Hi guys, between lemo and goblin wich one has the most airflow?

Sent from my LG-D802


----------



## stevie g (3/4/15)

goblin. Owned one but not the lemo. Goblin is a bit hectic though, difficult to fill and build on, opposite of the lemo.

if you fancy cloud chasing get the goblin.

Reactions: Agree 1


----------



## Ferdi (3/4/15)

Cool, thanks for the reply. 

Sent from my LG-D802

Reactions: Creative 1


----------



## Silver (3/4/15)

Ferdi said:


> Cool, thanks for the reply.
> 
> Sent from my LG-D802



Hi @Ferdi, I have the Lemo
Its airflow is not very open at all. When its fully open, you can do a lung hit, but more of a tightish lung hit. Long and slow, if you know what i mean. 

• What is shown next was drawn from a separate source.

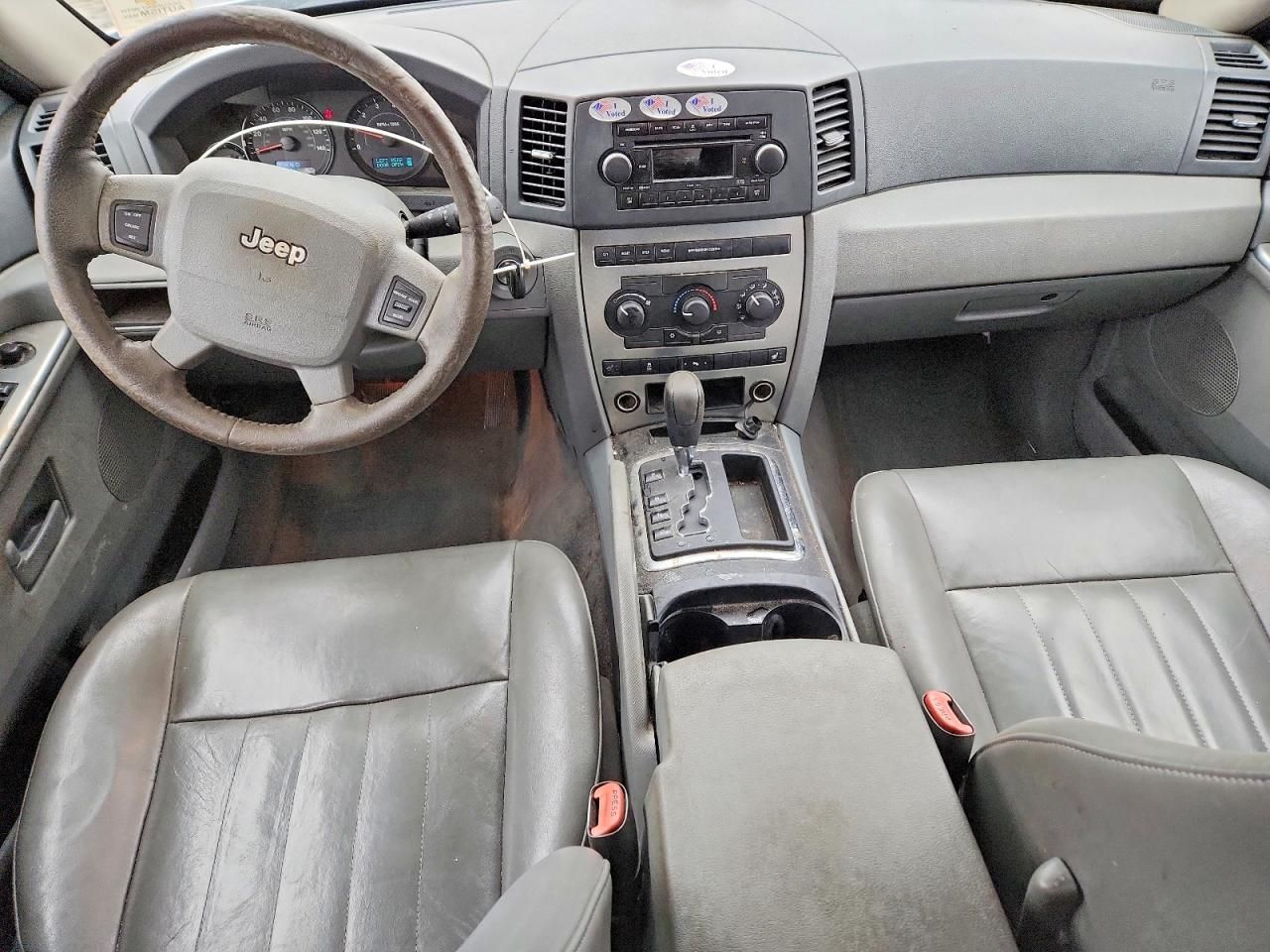 2006 Jeep Grand Cherokee Laredo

Lemo has far less airflow than the Atlantis when the Atlantis is wide open - for comparison - if that helps

I will say that the Lemo produces great flavour. But I would say its not aimed at very high powers. More of a mellow type of vape.


----------



## RIEFY (3/4/15)

lemo airflow is not even close to the goblin


----------



## Riddle (3/4/15)

I have owned both Lemo and Goblin. Between the 2 I rate the Goblin much higher. 
Airflow on the Goblin is much more than the Lemo. The flavour on the Goblin is good too. And personally I think the Goblin looks much nicer. 

It is not that difficult to build on or fill if you are used to dual coil builds.


----------



## Rob Fisher (3/4/15)

I never really took to the Lemo... I do like the Goblin but I would wait for the Lemo 2 if I was you... it seems to be a real step in the right direction for RBA's.

Reactions: Agree 1 | Informative 1


----------



## free3dom (4/4/15)

What @Rob Fisher said...and also the Goliath instead of the Goblin...seems to also be a bit of an upgrade for that one


----------



## RIEFY (4/4/15)

only problem with goliath its fugly as hell

Reactions: Like 1 | Agree 1


----------



## free3dom (4/4/15)

RIEFY said:


> only problem with goliath its fugly as hell



As long as it is less fussy to build than the Goblin it can look like a ball of dung for all I care

Reactions: Funny 1


----------